[Dataset entries]
- - -
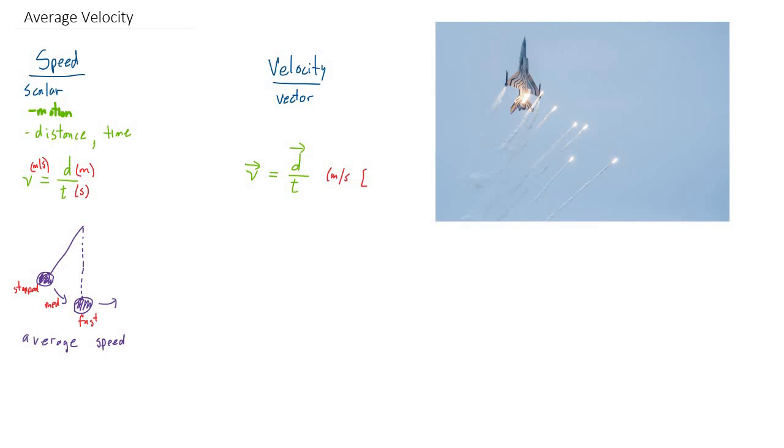But there's also going to be a direction included. And that direction is just going to be the same direction that the displacement was in. So if the displacement was up, that means the velocity is also up. So the velocity kind of inherits that part of the displacement.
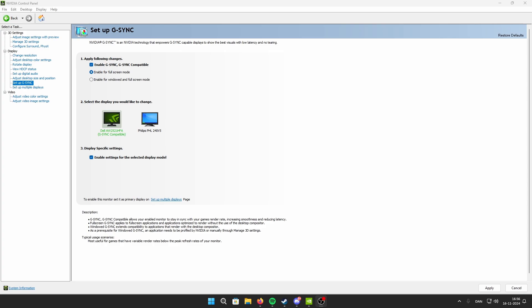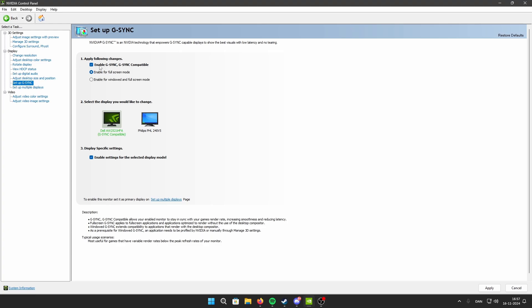This is how to set up G-Sync and V-Sync in CS2. Head into the NVIDIA Control Panel, click 'Set Up G-Sync', enable G-Sync and G-Sync Compatibility, and enable it for full screen mode.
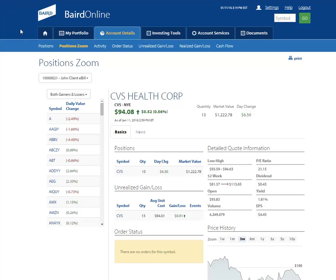We know that accessing detailed position and news information is important to you and your financial goals. That is why we have created this new page on Baird Online called Position Zoom.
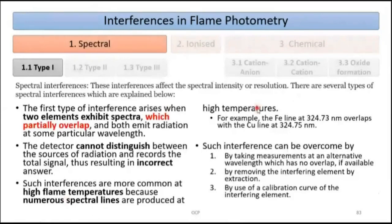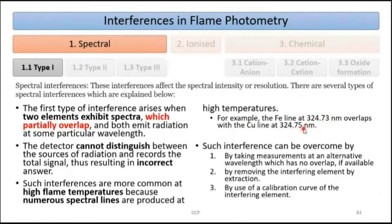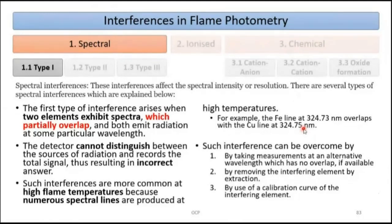Such interferences are more common at high flame temperature because numerous spectral lines are produced. For example, the iron line at 324.73 nm overlaps with the copper line at 324.75 nm. Since iron and copper each have other lines at different wavelengths, the solution is to select an alternative wavelength with no overlap.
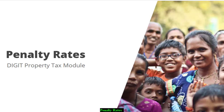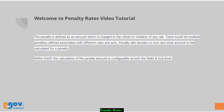This video walks you through the steps involved in configuring the penalty rates master data template in the property tax module.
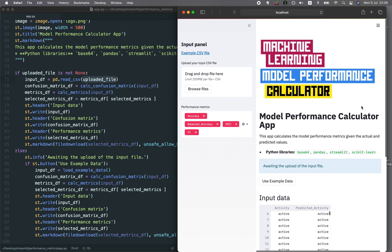Congratulations — you have built the model performance calculator app! If you'd like to deploy this application to the web or cloud, check out the two videos linked in the top right corner to deploy using Streamlit Sharing or Heroku. Thank you for watching. Please let me know in the comments how you intend to use this application, and support the channel by liking, subscribing, and turning on the notification bell. As always, the best way to learn data science is to do data science — enjoy the journey.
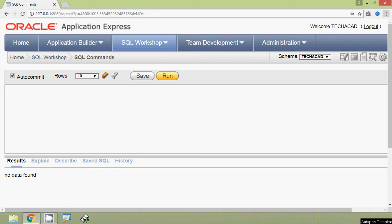In this video we are going to see how to create a simple table in Oracle. We are going to create a table named 'employees', so we are going to use a Data Definition Language CREATE TABLE statement.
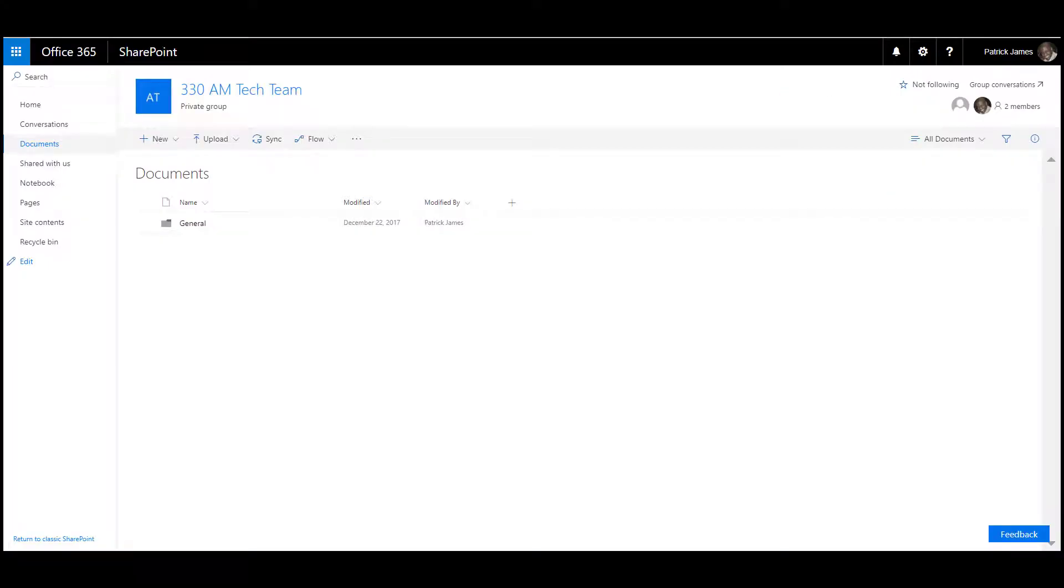Hi Team 330. It is about 3.30ish and I'm here with you today to demonstrate how to use document sets within Office 365.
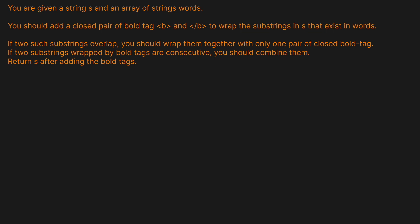You are given a string S and an array of strings called words. You should add a closed pair of bold tags to wrap the substrings in S that exist in words. If two such substrings overlap, you should wrap them together with only one pair of bold tags. If two substrings wrapped by bold tags are consecutive, you should combine them, and return S after adding the bold tags.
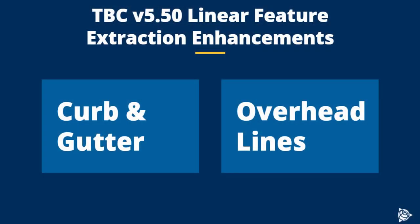Hello, this video will show you the enhancements added to the linear feature extraction command in TBC version 550. Enhancements were added to both the curb and gutter and overhead lines extraction workflows.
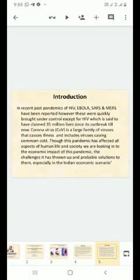In the introduction, in recent past times, past pandemics of HIV, Ebola, SARS and MERS have been reported. However, these were very quickly brought under control, except HIV, which is said to have claimed 35 million lives since its outbreak till now.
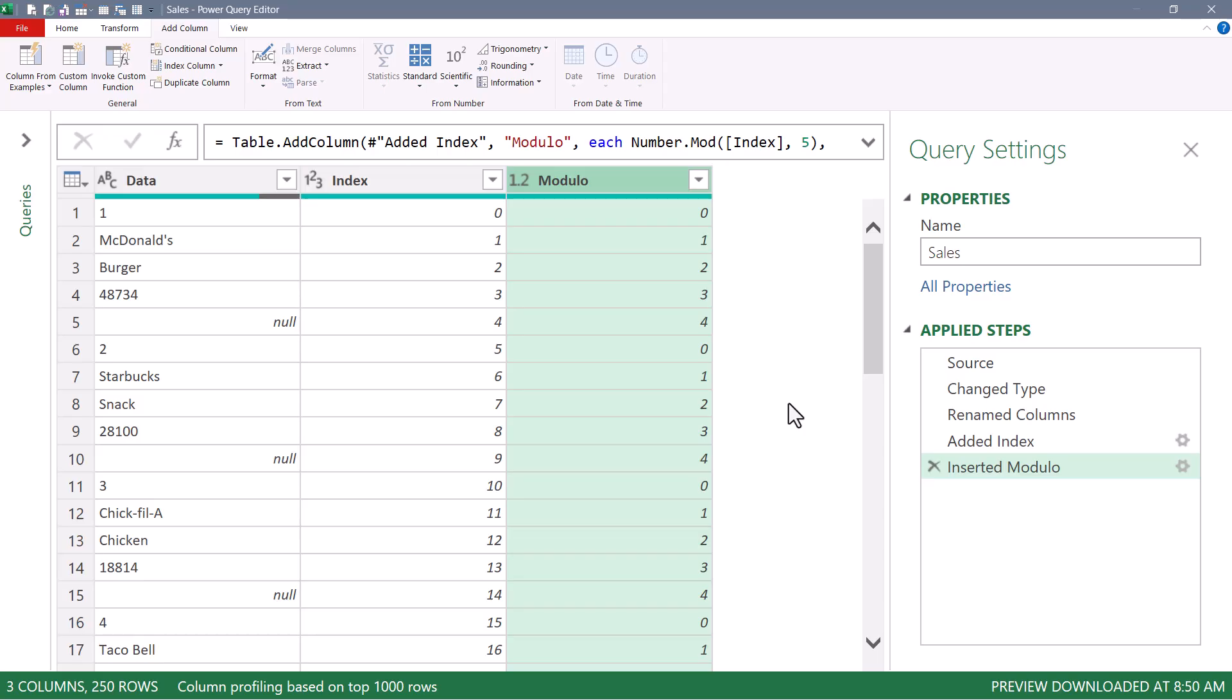And notice I have a repeating list of values from zero to four. Now if you thought this list was going to go from one to five, it's because we started the list at zero. But it doesn't matter what the numbers are, as long as they repeat consistently.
- - -
- _YOUR ASSIGNMENT_
Excluding the pictures, output every entry above without alteration.

- _TASK RESULT_
But there's also going to be a direction included. And that direction is just going to be the same direction that the displacement was in. So if the displacement was up, that means the velocity is also up. So the velocity kind of inherits that part of the displacement.
This is how to set up G-Sync and V-Sync in CS2. Head into the NVIDIA Control Panel, click 'Set Up G-Sync', enable G-Sync and G-Sync Compatibility, and enable it for full screen mode.
We know that accessing detailed position and news information is important to you and your financial goals. That is why we have created this new page on Baird Online called Position Zoom.
Such interferences are more common at high flame temperature because numerous spectral lines are produced. For example, the iron line at 324.73 nm overlaps with the copper line at 324.75 nm. Since iron and copper each have other lines at different wavelengths, the solution is to select an alternative wavelength with no overlap.
This video walks you through the steps involved in configuring the penalty rates master data template in the property tax module.
Congratulations — you have built the model performance calculator app! If you'd like to deploy this application to the web or cloud, check out the two videos linked in the top right corner to deploy using Streamlit Sharing or Heroku. Thank you for watching. Please let me know in the comments how you intend to use this application, and support the channel by liking, subscribing, and turning on the notification bell. As always, the best way to learn data science is to do data science — enjoy the journey.
In this video we are going to see how to create a simple table in Oracle. We are going to create a table named 'employees', so we are going to use a Data Definition Language CREATE TABLE statement.
Hi Team 330. It is about 3.30ish and I'm here with you today to demonstrate how to use document sets within Office 365.
You are given a string S and an array of strings called words. You should add a closed pair of bold tags to wrap the substrings in S that exist in words. If two such substrings overlap, you should wrap them together with only one pair of bold tags. If two substrings wrapped by bold tags are consecutive, you should combine them, and return S after adding the bold tags.
Hello, this video will show you the enhancements added to the linear feature extraction command in TBC version 550. Enhancements were added to both the curb and gutter and overhead lines extraction workflows.
In the introduction, in recent past times, past pandemics of HIV, Ebola, SARS and MERS have been reported. However, these were very quickly brought under control, except HIV, which is said to have claimed 35 million lives since its outbreak till now.
And notice I have a repeating list of values from zero to four. Now if you thought this list was going to go from one to five, it's because we started the list at zero. But it doesn't matter what the numbers are, as long as they repeat consistently.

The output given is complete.